家庭電化器具(読み)かていでんかきぐ

日本大百科全書(ニッポニカ) 「家庭電化器具」の意味・わかりやすい解説

家庭電化器具
かていでんかきぐ

電気を応用した装置のなかで、家庭で使用されているものの総称。形が小さく、重量も軽く、消費電力をできるだけ低く抑えるようにくふうが加えられており、デザインや色彩についても、時代の要求に応じた改善が絶えず加えられている。家庭電化器具の普及が現代の社会生活に及ぼした影響はきわめて大きく、とくに家庭の主婦が日常の家内労働から解放され、自由に使える時間をもてるようになって、生活の意識までも変えるようになったことは、よく知られている。

[岡塚 尚]

歴史

日本の家庭電化器具の歴史は、1887年(明治20)に東京電燈(でんとう)会社(東京電力の前身)が初めて白熱電灯を輝かせたことから始まる。以来、主要都市に電灯会社が設立され、それに伴って家庭電化器具が徐々に普及し始めた。国産の主要電化器具が世の中に現れた跡をたどると、大正初期のアイロンに始まり、1916年(大正5)に扇風機、25年にラジオ、30年(昭和5)に電気冷蔵庫、31年に洗濯機と記録に残されている。しかし生産能力や国民の経済力などの問題もあって、価格が高すぎたために広く使用されなかった。37年における日本全国の普及台数は、冷蔵庫、洗濯機がいずれも約1万台にすぎず、アイロンでさえも約300万台であった。

 第二次世界大戦に入ると、「ぜいたく品」として、ごく一部の品目を除いて製造が禁止され、戦後の数年間は主として材料の不足から製造を再開できず、本格的に開始されたのは1953年(昭和28)ころである。以来、78年に至る25年間は、製造台数は年々増加の一途をたどり、78年における年間製造台数は、冷蔵庫、洗濯機がいずれも400万台をはるかに超え、普及率もほぼ99%に到達した。しかしこのあたりを境に年間製造台数の伸びは鈍化し始め、主要メーカーは輸出の拡大と新分野の開拓に注力し始めている。
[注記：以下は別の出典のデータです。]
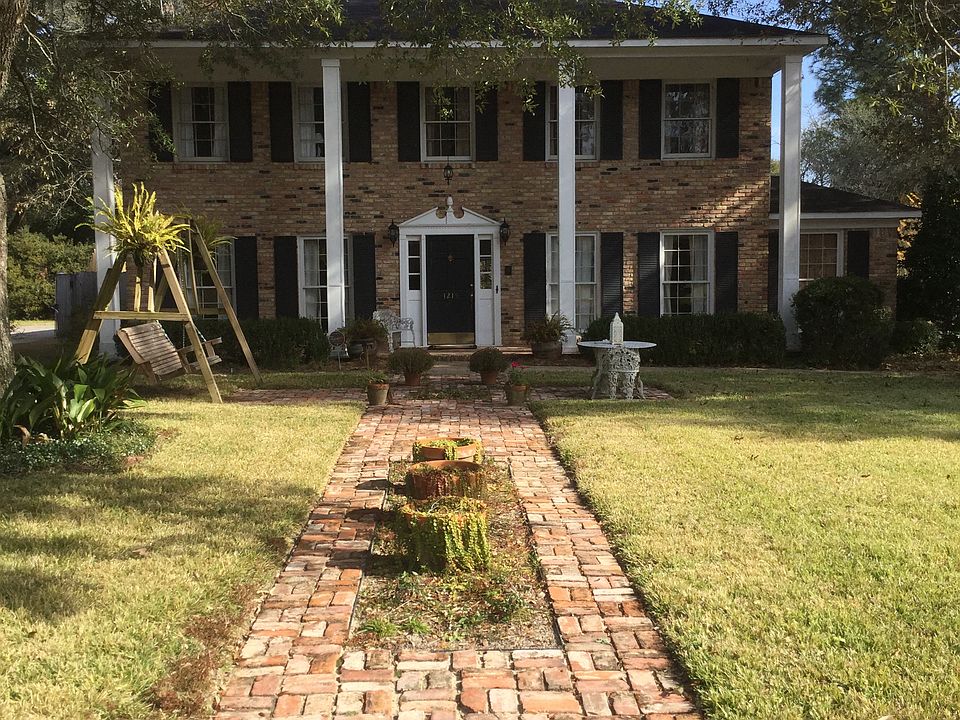 1st image of 1215 Vendome Dr W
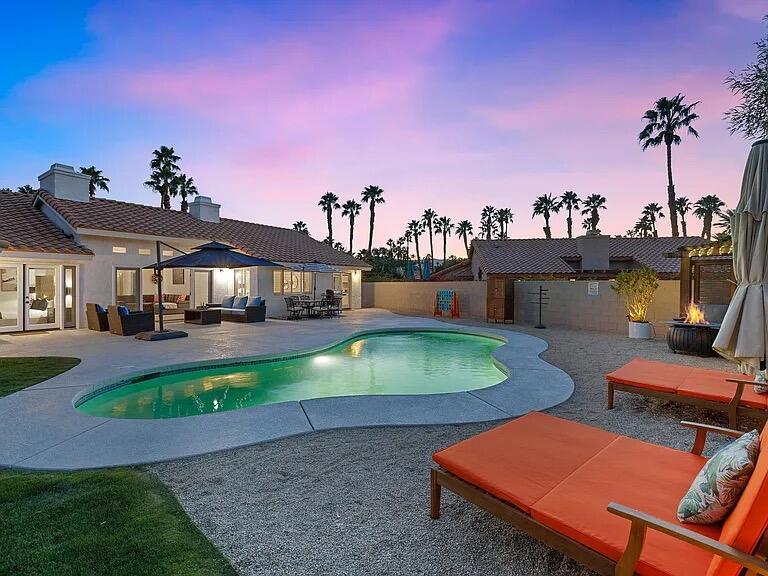 76838 Abby Court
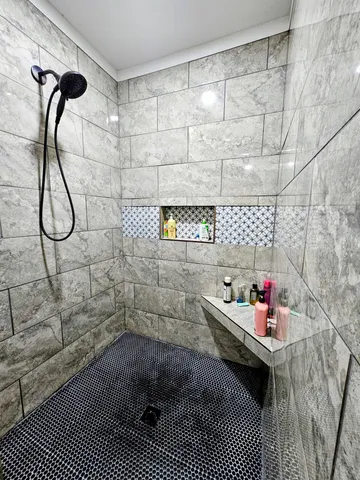 $280,000 | 591 Main Street, Palmer, TN 37365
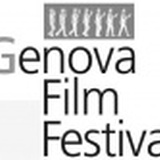 Tutti i film premiati al 19* Genova Film Festival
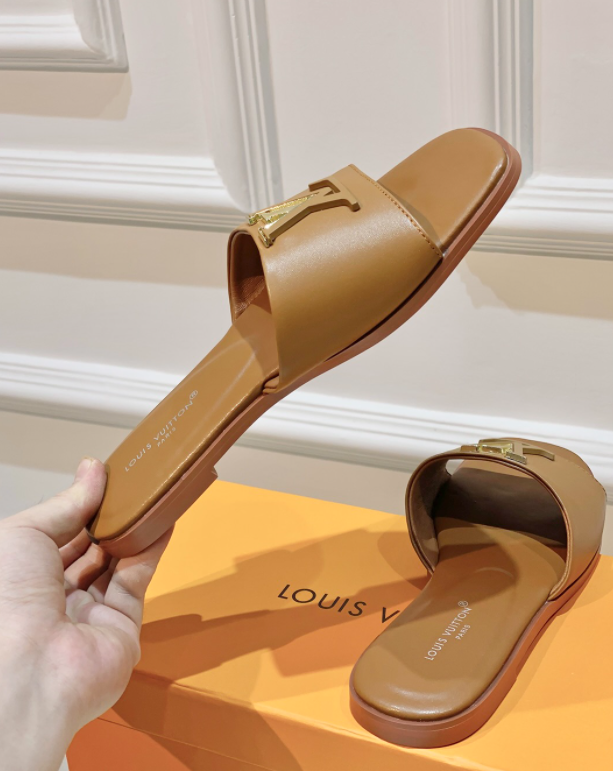 Chloe’s Picks - LOV Women Shoes - 134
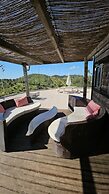 Portugals Infinity Eco Suite Resort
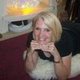eastbourne, Eastbourne dating michelle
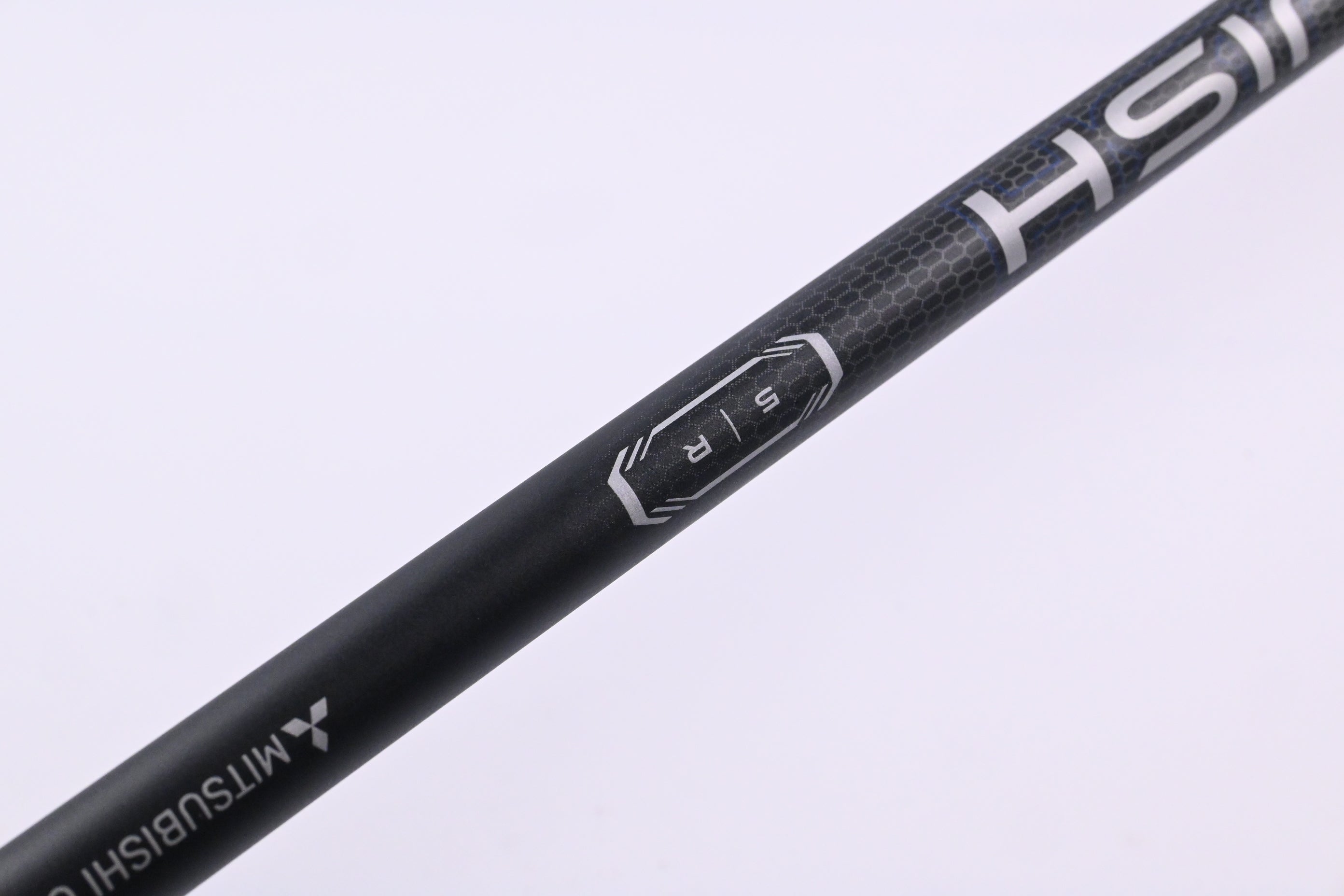 Callaway Elyte X #3 Wood / 15 Degree / Regular Flex Vanquish 5 Shaft
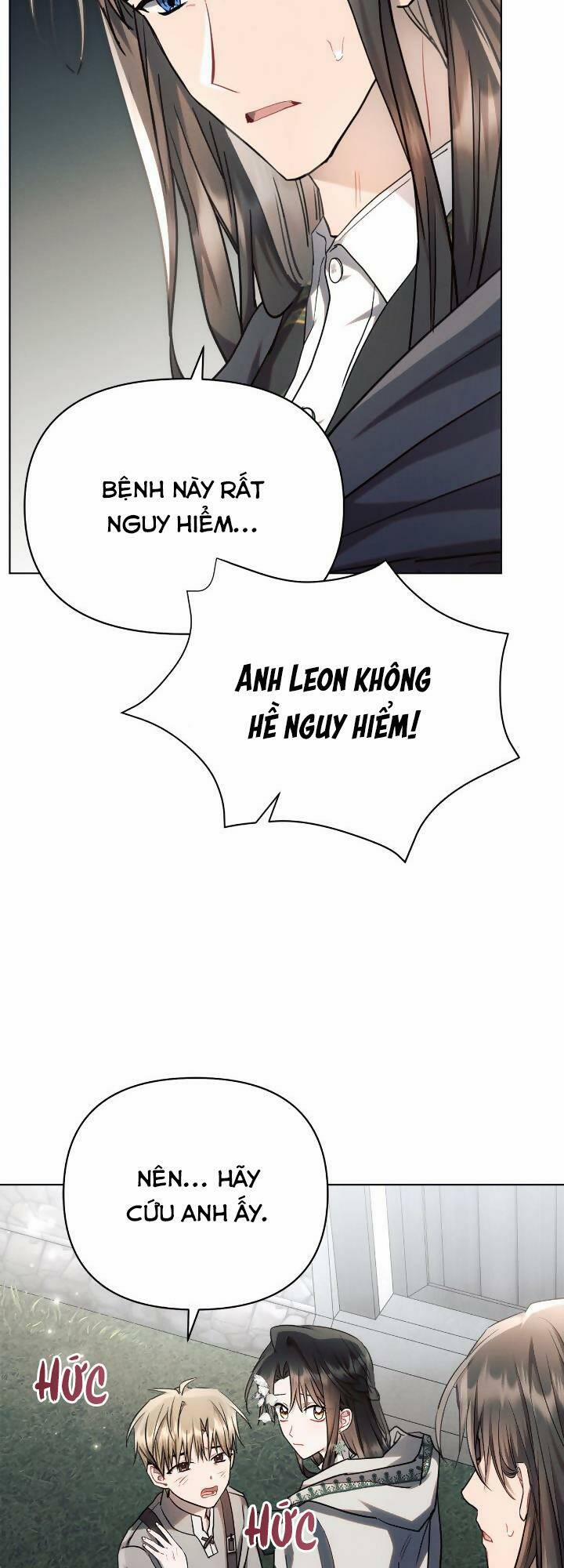 Ashtarte Firenze 57 trang 38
いうなれば大きな曲り角に達し、次に伸びていく方向を求めている。

[岡塚 尚]

分類と現状

家庭電化器具は次の3種類のグループに大きく分けることができる。第一のグループは、ルームエアコン、洗濯機、掃除機、冷蔵庫、電子レンジおよび電磁調理器など、家庭内での日常の生活環境を快適にするとともに、合理化を進めて余分な時間をつくりだす器具である。照明器具もこれに含まれる。第二のグループは、テレビジョンビデオおよびステレオ装置などを含み、第一のグループを用いてつくりだされた余分な時間を楽しむための方法を与えてくれる器具である。第三のグループは、ホームオートメーションhome automationとよばれる装置であり、品物をつくりだす工場の合理化、自動化を進めるファクトリーオートメーションfactory automationや、さらに事務の合理化を進めるオフィスオートメーションoffice automationに並ぶ大きな市場が期待される器具である。
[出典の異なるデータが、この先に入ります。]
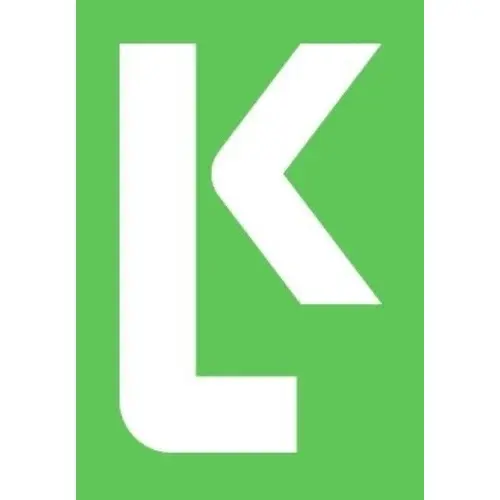 LendKey Promo Code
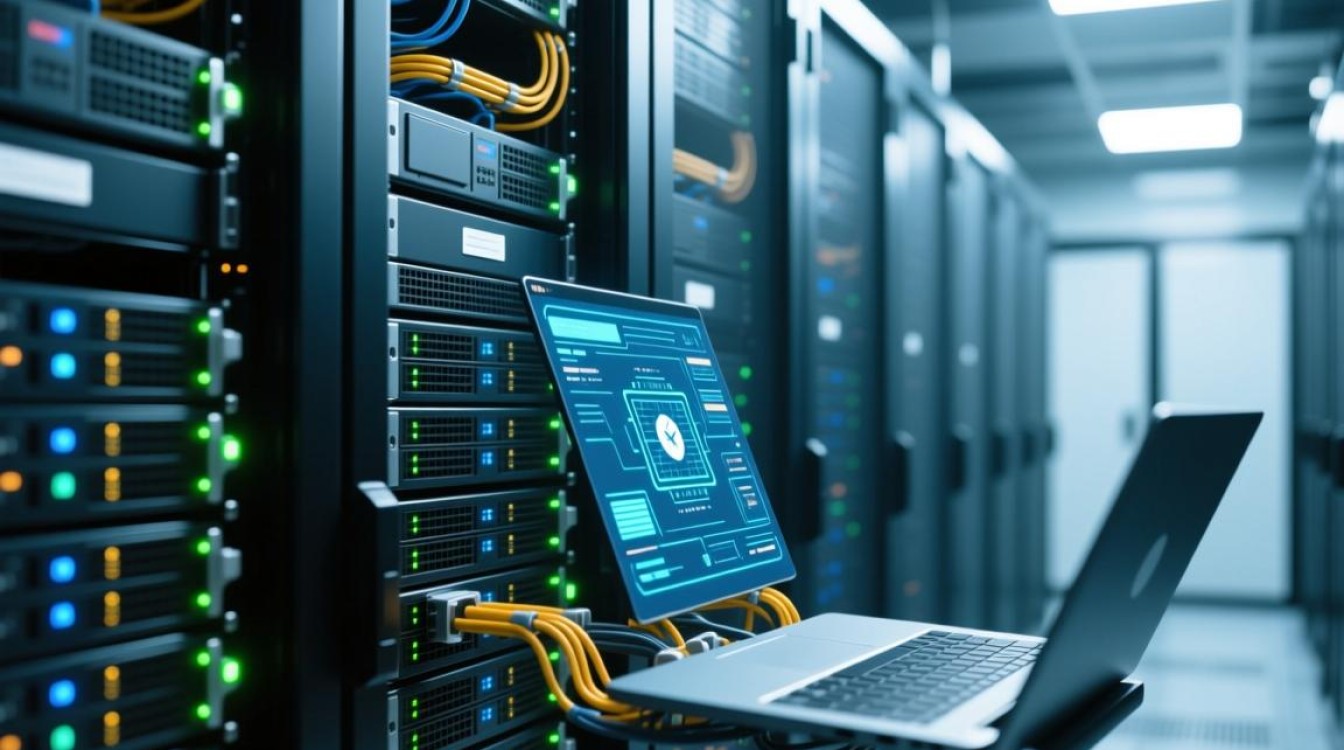 服务器恢复出厂设置后，数据丢失了怎么办？如何恢复原状？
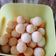 Cooksnap dari Donna Innafiza Ruhilavie untuk resep Cimol kopong anti meletup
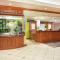 Hilton Garden Inn Casper - Casper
 第一のグループについては、普及率が非常に高く、今後の国内向け製品の生産台数の伸びを期待することはむずかしいので、輸出を開始したが、品質がよくしかも価格が合理的なために各国において歓迎された。しかし輸出量が増加するにつれて制限が加えられ、1975年ごろから現地生産が開始されている。
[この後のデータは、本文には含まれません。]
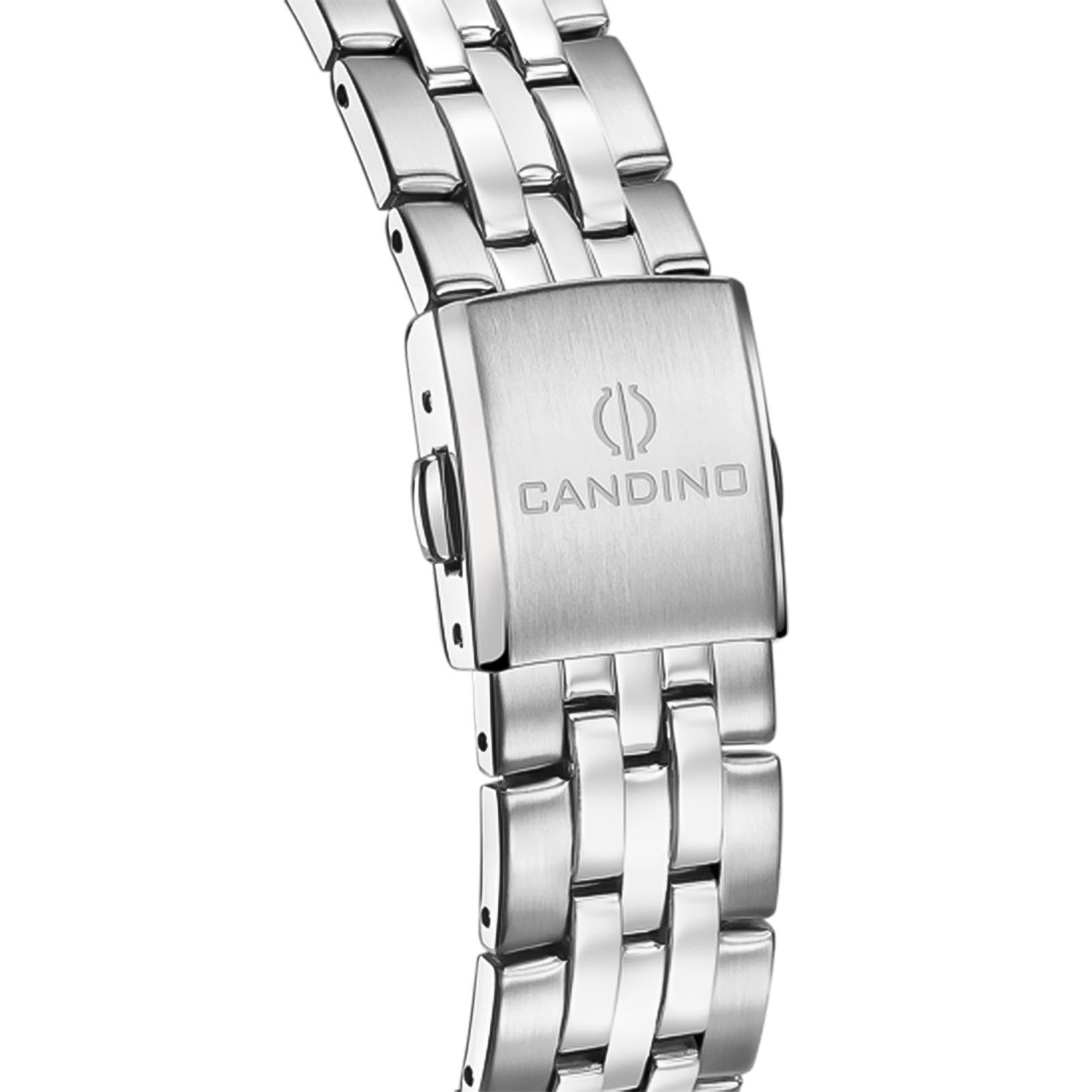 candino C4768.4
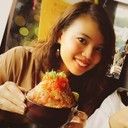 Shiori Ichikari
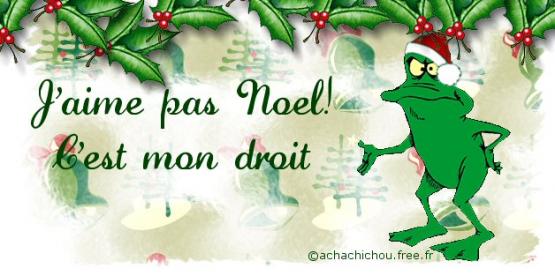noel5.jpg
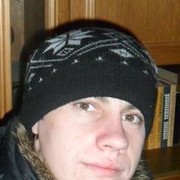  ,   Ruslan, 33 ,   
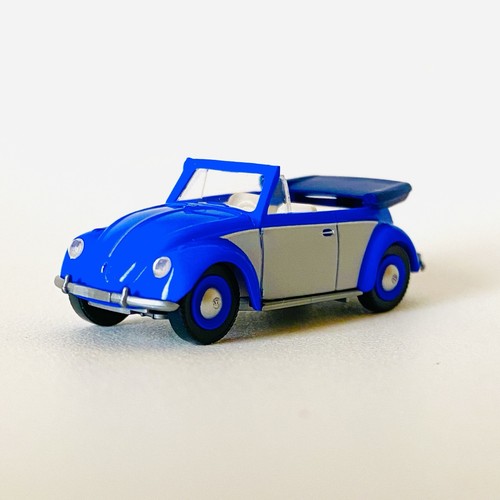 Wiking 079404 - wiking•1:87, •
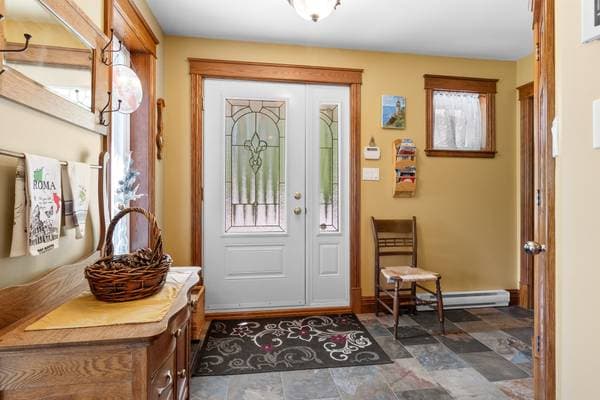 254Z Rue Miquelon, Saint-Camille — photo 5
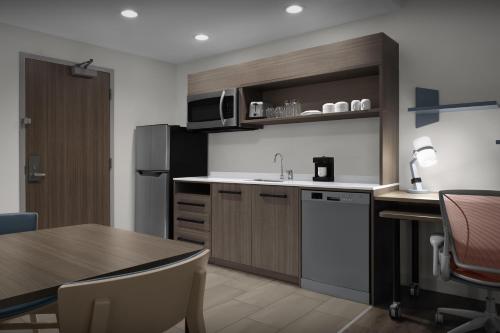 home2 suites by hilton concord charlotte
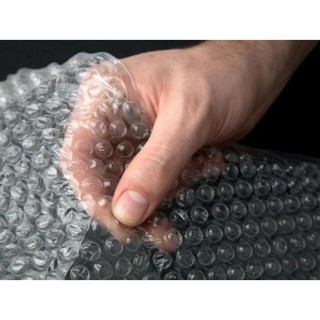 5mx1.4m xốp bong bóng gói hàng chống sốc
 このような傾向は第二のグループについてもほぼ同様であるが、日本と外国との技術レベルを比較すると、家庭電化器具に関する限り、開発、設計、製造のいずれについても同等以上のレベルに達していると考えられ、海外からの産業視察団による工場訪問が相次いでいる。しかし、ヨーロッパ諸国がもっている産業革命以降の長い技術の歴史、アメリカにおけるコンピュータの広範囲な応用、軍事科学からの影響力などを考えると、ふたたび引き離される可能性は十分にある。最後に第三のグループについては、1980年ごろに始まったばかりで、ほとんどが将来的な内容となっている。

[岡塚 尚]

将来への展望

家庭電化器具の将来の形は、ホームオートメーションという考え方で示される家庭内のエネルギーと情報の総合的なコントロールシステムであり、それを支える技術はエレクトロニクスである。従来の家庭電化器具は、このシステムに個別の端末装置として接続され、もっともエネルギー効率の高いやり方で使用されるとともに、高い安全性を保証されている。さらに防犯・防災システムや、外部からの各種の情報の取り入れ・送り出しの機能も兼ね備えている。システムの中心には、各種の集積回路からなる小型のコンピュータが備えられ、端末装置との信号のやりとりには光ファイバーが使用される。システムの要所要所には、温度、湿度、煙、空気の清浄度、人体などを検知する各種のセンサーが接続されて目的を達している。このような装置はいずれもエレクトロニクスの応用であり、その制御回路には多数の集積回路が使用されている。1970年代には「家庭内にある小型モーターの数により電化の度合いが測れる」といわれていた。これは家庭電化器具がいずれも小型モーターを内蔵していたからであるが、これからは「家庭内にある集積回路の数により電化の度合いが測れる」といわれる時代になるであろう。